Here are now several photos from our trip. It took us exactly 12 days (from 4 pm the first day to 4 pm the last day) to complete the Sierra High Route from Roads End to Twin Lakes. The following short day-by-day descriptions with photos will hopefully provide a good insight into the experience we had.
Day 1 – Roads End to Grouse Lake – Distance: 9.5 miles, Ascent: 5,546 ft, Descent: 194 ft
We barely made it to the ranger station before it closed at 3 pm. Right when we arrived we saw a black bear in the parking lot. After dealing with all the paper work we packed our backpacks and I said good-bye to my wife who brought us out there. Before she left we weighed our packs. With all the food and fuel for the next 8 days plus 1 l of water my ZPacks Exo weighed 26.2 lbs. Andrew’s ULA Circuit weighed 28.6 lbs.

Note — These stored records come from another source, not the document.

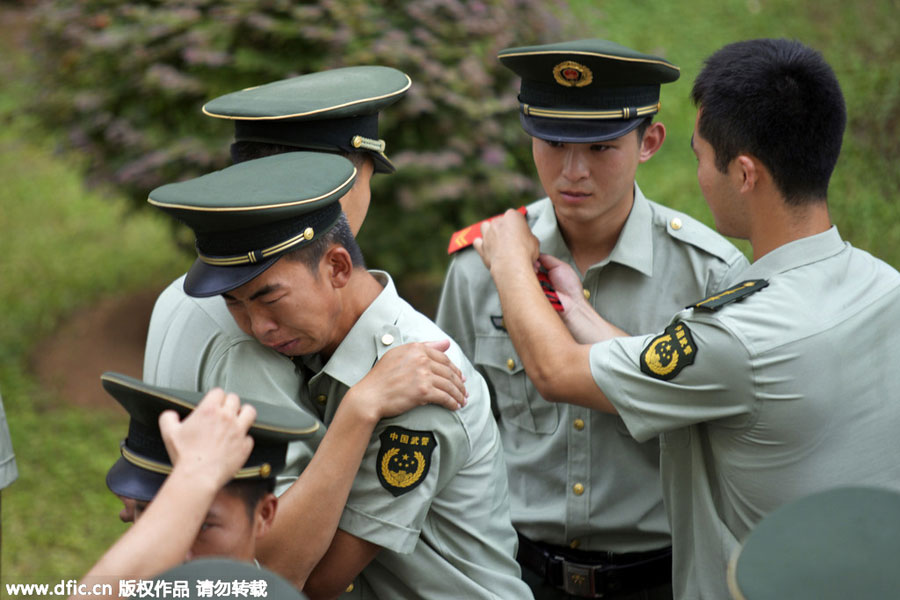 Veterans' tearful goodbye to their army life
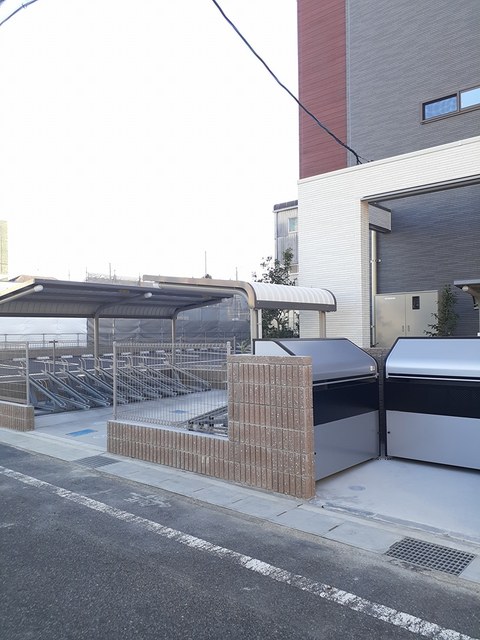 14/20 エントランス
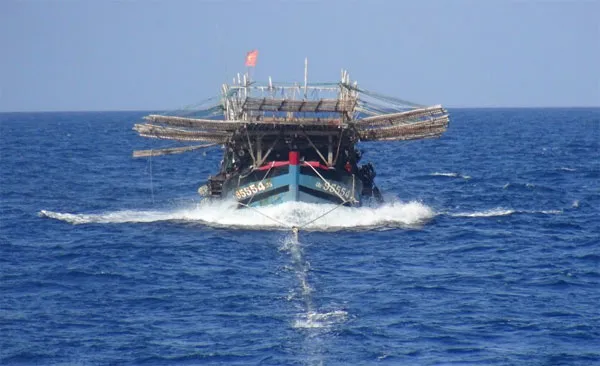 Đội tìm kiếm cứu nạn đã cứu thành công tàu cá bị nạn trên biển vào ngày 13/7/2016 2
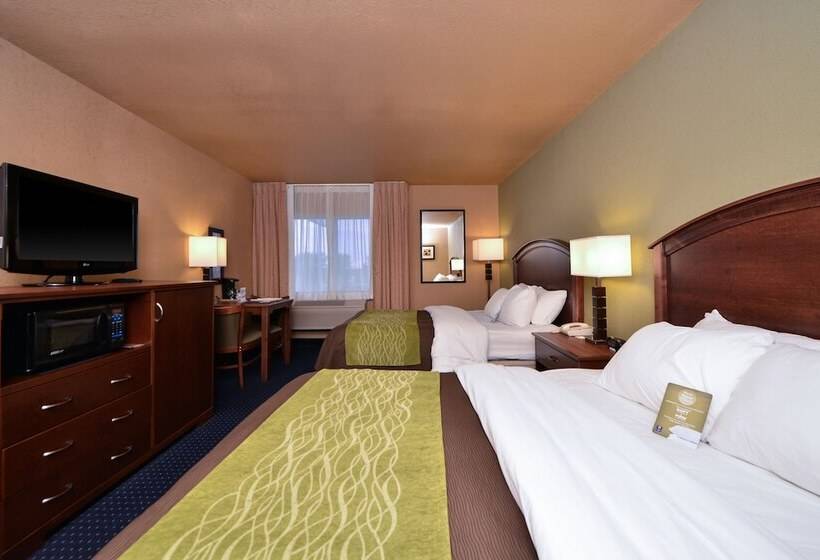 בית מלון כפרי Comfort Inn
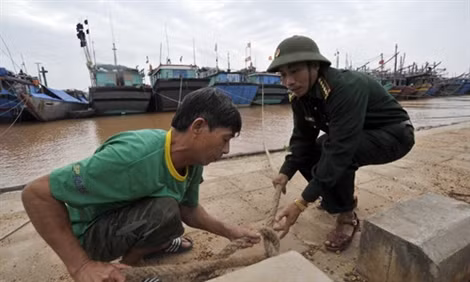 Bộ đội Biên Phòng tỉnh Quảng Trị và lực lượng tại chỗ kiểm tra bãi neo đậu tầu thuyện các ụ neo, dây cáp. Ảnh: Hoàng Anh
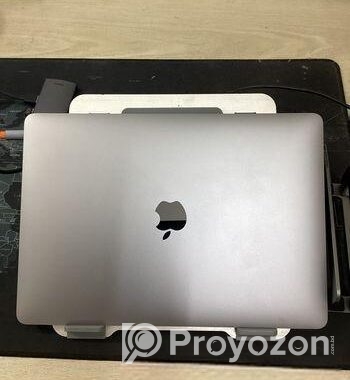 MacBook Air M1 16GB RAM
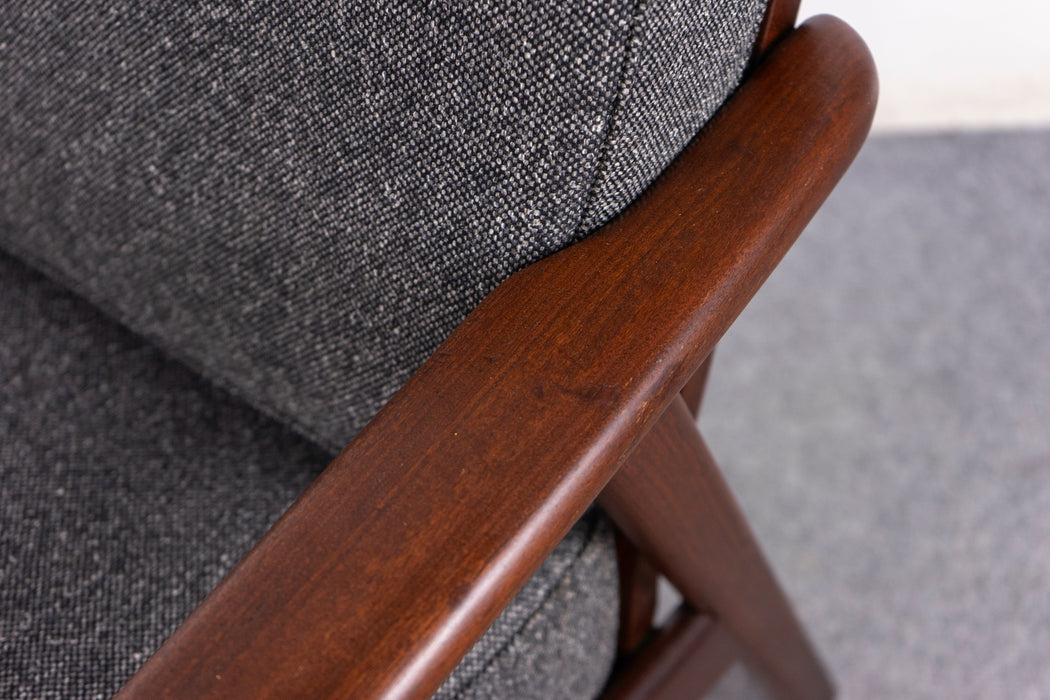 Danish Mid-Century Teak Lounge Chair - (326-057.3)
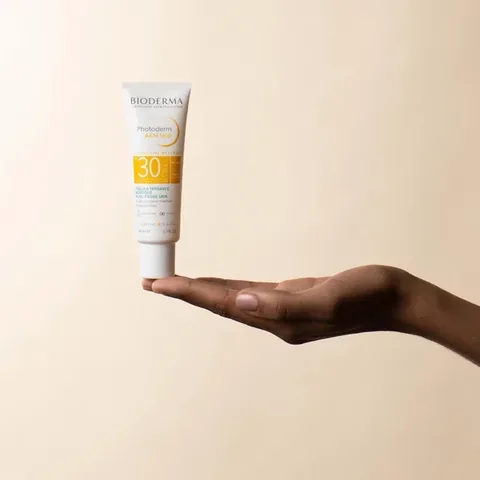 Protégez & Matifiez : Crème Solaire Bioderma Photoderm AKN M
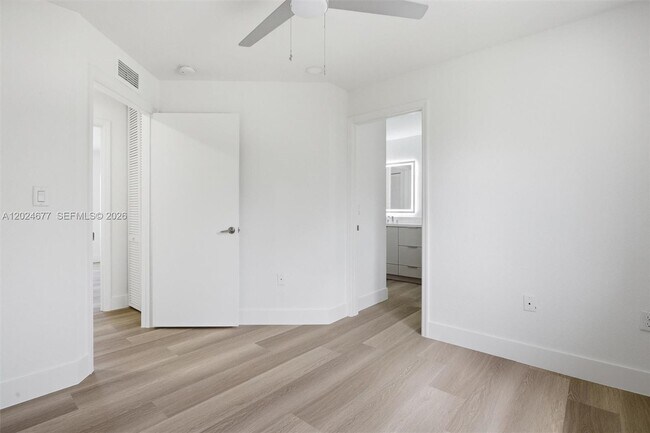 Building Photo - 82 SW 3rd Ct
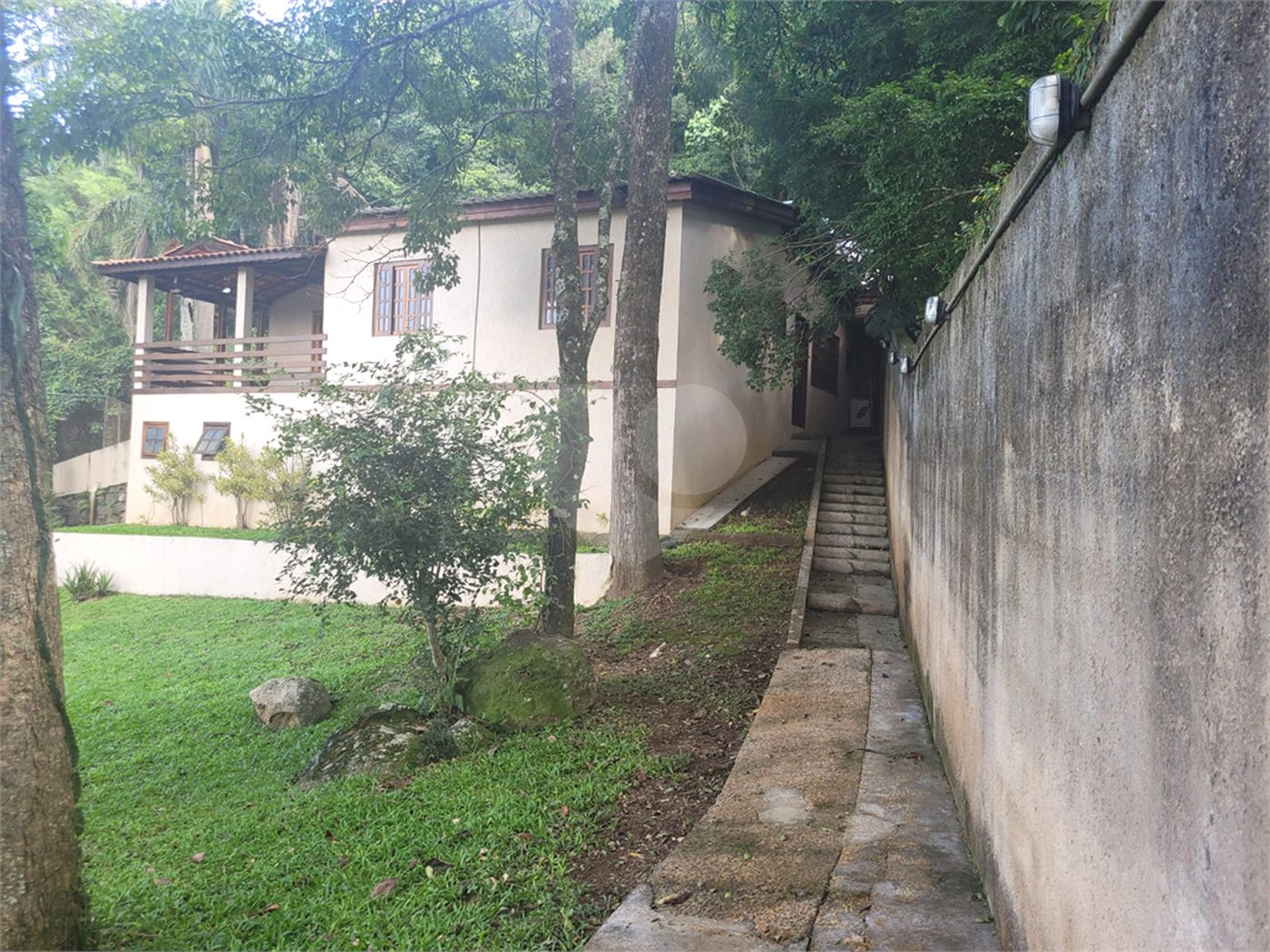 Sítio à venda com 6 quartos, sendo 3 suítes, em Serra da Cantareira, Mairiporã, SP
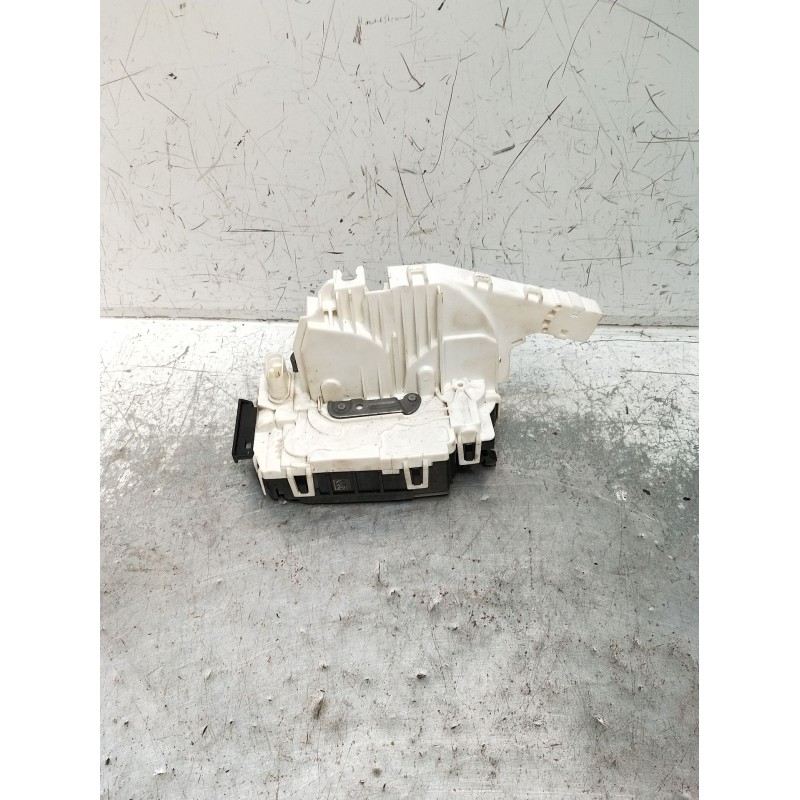 Recambio de motor cierre centralizado trasero derecho para infiniti q30 2.2 d referencia OEM IAM A0997305600 5P 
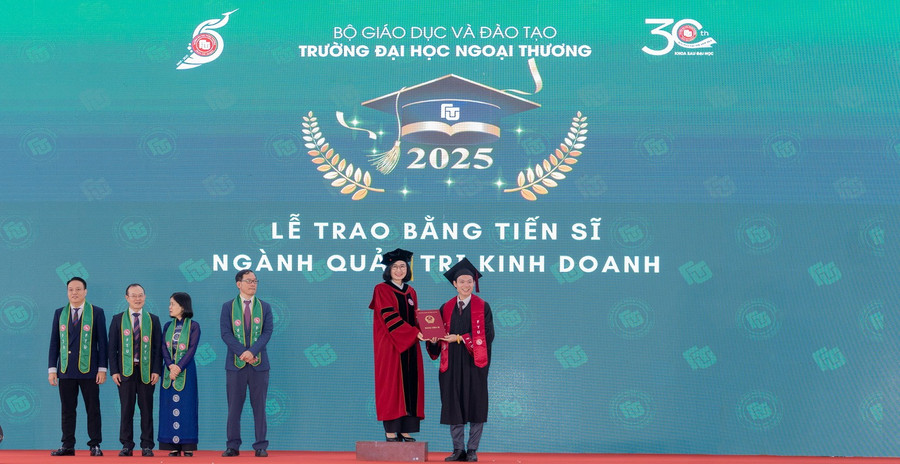 dtn2079.jpg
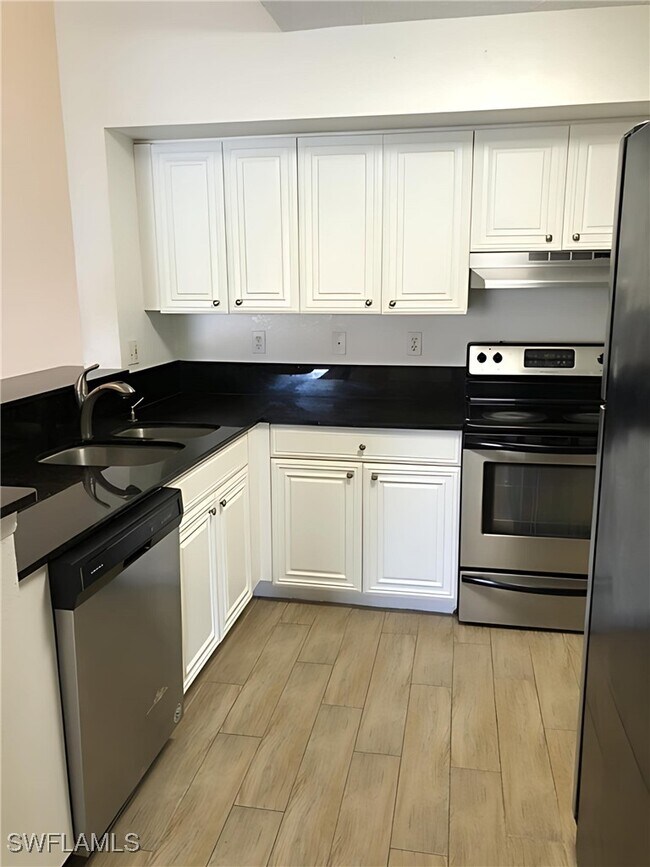 Foto del edificio - 8255 Ibis Club Dr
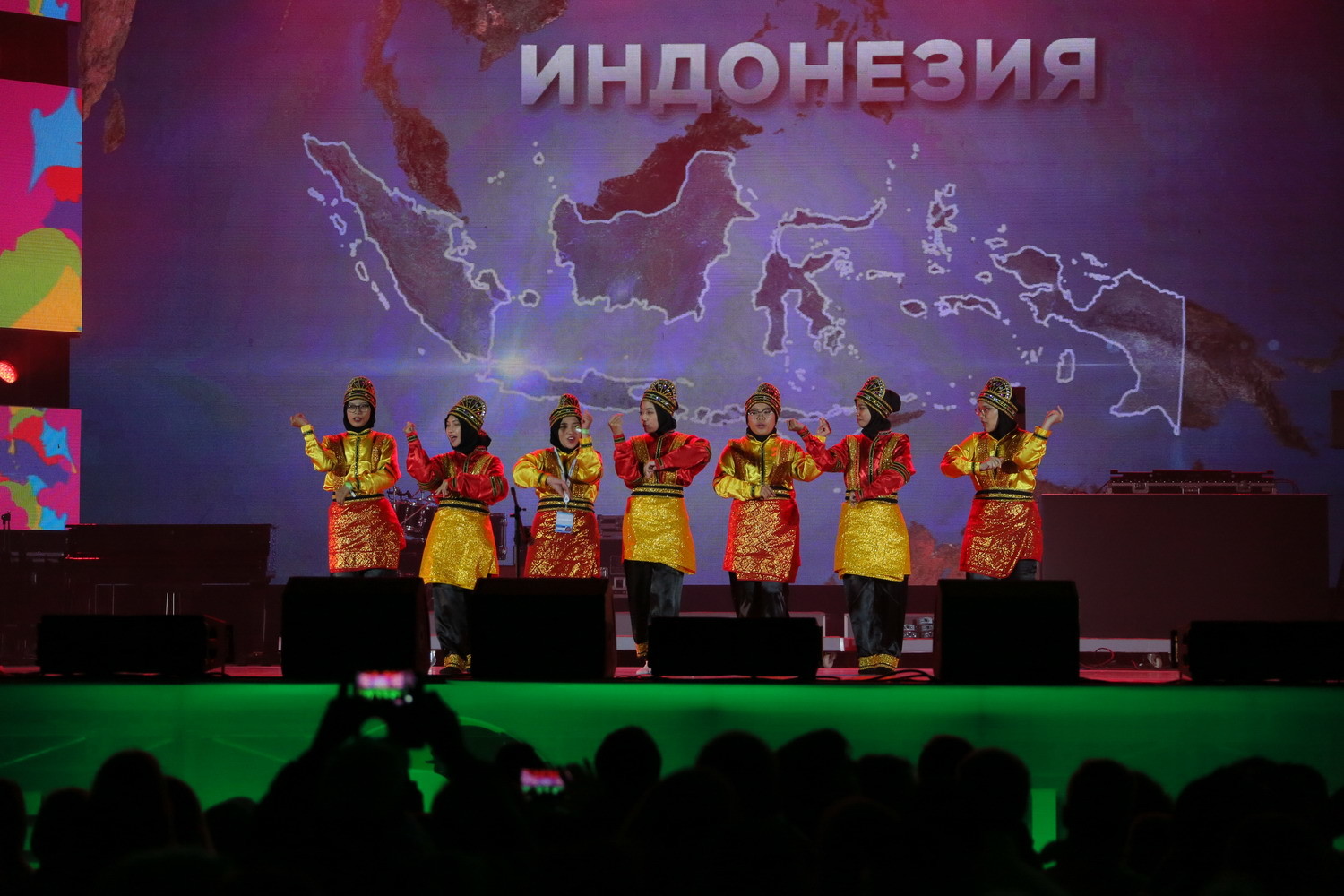 Pemuda Indonesia menampilkan Tari Saman pada Malam Budaya selama Festival Pemuda dan Pelajar Sedunia (WFYS) XIX di Sochi, Rusia, 14 – 22 Oktober 2017.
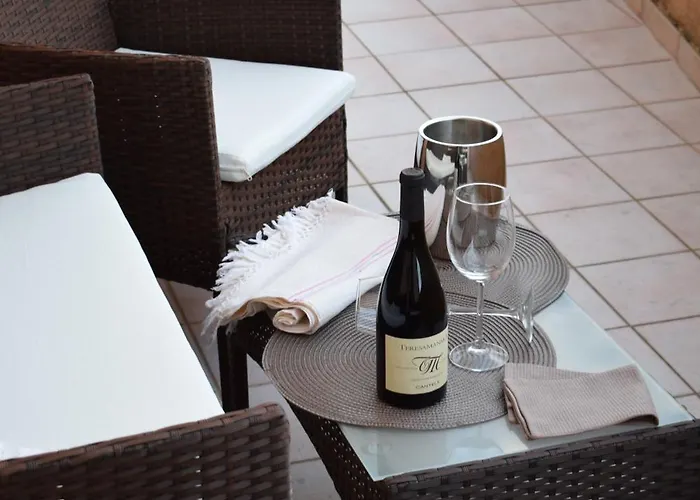 Eos - A Due Passi Da Piazza Pisanelli E Ospedale Panico Apartmán *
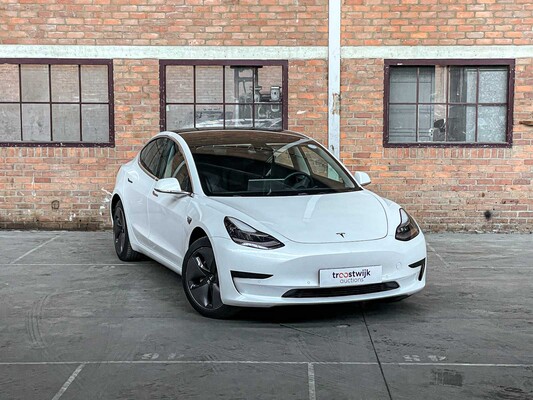 Tesla Model 3 Standard RWD Plus 60 kWh 2019 (Original-NL), G-233-DX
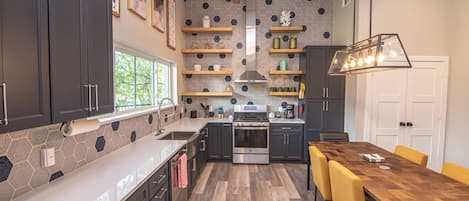冰箱、微波炉、洗碗机、茶具/咖啡用具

We knew we have to climb over 5,000 ft to reach Grouse Lake and that we would have to hike in the night to get up there. The alternative would be to stay at Lower Tent Meadow the first night. We kept our options open and just started hiking. It is almost all on trail and easy going. When we reached Lower Tent Meadow around 6 pm we met two other hikers who already set up tents. We refilled our water bottles and decided to keep going. It was nice and cool in the evening – perfect temperature to climb up all this way. We had full moon that night
and didn’t even need head lamps to keep hiking in the dark. We reached Grouse Lake after 5 hours of hiking and basically went to bed right away. The night was pretty cold – temperatures dropped down to 21 F – and our water bottles were frozen solid the next morning. I’m so glad I brought my WM UltraLite sleeping bag on this trip instead of the WM SummerLite that I used just before on the JMT. Andrew’s Katabatic Alsec quilt also handles those temperatures well.
Day 2 – Grouse Lake to Marion Lake – Distance: 15.6 miles, Ascent: 5,014 ft, Descent: 4,842 ft
Waking up to frozen water bottles was a surprise, but we are still well rested and can finally see Grouse Lake in all its beauty.
This is a great start and we are looking forward to the rest of the Sierra High Route. The second day would be a day of many passes. We cross Grouse Pass, Goat Crest Saddle, Gray Pass, White Pass and Red Pass while passing Glacier Lakes, State Lakes and Horseshoe Lakes before finally reaching Marion Lake. I was still recovering from a stomach flu I got the week before and was still finishing the final doses of medication for several days. I felt pretty weak on this day and I’m extremely glad Andrew was with me. He literally pulled me over the last three passes. Especially going up to White Pass seemed to be endless to me on that day. I was relieved when I finally walked down to Marion Lake and pulled out my Tenkara pole to fish trout for dinner.
Day 3 – Marion Lake to Lake below Potluck Pass – Distance: 13.4 miles, Ascent: 4,891 ft, Descent: 3,612 ft
I feel completely rested the next day. I guess I have to thank my wife that she convinced me to switch out my old ¾ Therm-a-Rest RidgeRest for a full length Therm-a-Rest XLite. I tried it on the JMT and told her I would take it on the SHR if it wouldn’t develop a leak or even pop on the JMT. It didn’t, so I took it along on the SHR – as did Andrew. This air mattress provided both of us with so much better sleep and made it possible that we would start every day well rested.
We had a wonderful morning hiking through Lake Basin.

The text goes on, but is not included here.